[Extracted records]
+++

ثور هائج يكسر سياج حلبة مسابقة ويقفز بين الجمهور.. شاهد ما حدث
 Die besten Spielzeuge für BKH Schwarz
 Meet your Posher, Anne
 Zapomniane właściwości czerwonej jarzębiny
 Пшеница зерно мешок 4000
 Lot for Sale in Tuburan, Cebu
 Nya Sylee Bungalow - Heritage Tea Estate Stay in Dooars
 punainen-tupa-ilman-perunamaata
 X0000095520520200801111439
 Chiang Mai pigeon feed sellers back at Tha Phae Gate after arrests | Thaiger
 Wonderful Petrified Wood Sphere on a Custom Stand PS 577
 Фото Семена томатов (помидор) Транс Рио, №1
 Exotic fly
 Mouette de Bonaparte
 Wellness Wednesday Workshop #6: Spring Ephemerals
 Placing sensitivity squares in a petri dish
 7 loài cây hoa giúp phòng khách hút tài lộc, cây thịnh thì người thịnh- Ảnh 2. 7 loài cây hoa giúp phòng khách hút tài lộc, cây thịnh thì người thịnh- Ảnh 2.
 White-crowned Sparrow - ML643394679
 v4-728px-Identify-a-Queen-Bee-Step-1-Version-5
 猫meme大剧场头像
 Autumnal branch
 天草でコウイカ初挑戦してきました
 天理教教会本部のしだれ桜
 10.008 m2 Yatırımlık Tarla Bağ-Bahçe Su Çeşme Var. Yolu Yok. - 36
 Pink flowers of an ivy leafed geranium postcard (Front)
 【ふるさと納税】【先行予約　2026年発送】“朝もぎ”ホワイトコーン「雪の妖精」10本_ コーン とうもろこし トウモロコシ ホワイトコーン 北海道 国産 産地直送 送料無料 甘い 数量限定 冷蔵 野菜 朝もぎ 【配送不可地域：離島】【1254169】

+++

PROBLEM = Beginning at the opening line of the data, transcribe each line exactly until you reach the line with "Nya Sylee Bungalow", which you also include, and go no further.

ANSWER AREA =
ثور هائج يكسر سياج حلبة مسابقة ويقفز بين الجمهور.. شاهد ما حدث
 Die besten Spielzeuge für BKH Schwarz
 Meet your Posher, Anne
 Zapomniane właściwości czerwonej jarzębiny
 Пшеница зерно мешок 4000
 Lot for Sale in Tuburan, Cebu
 Nya Sylee Bungalow - Heritage Tea Estate Stay in Dooars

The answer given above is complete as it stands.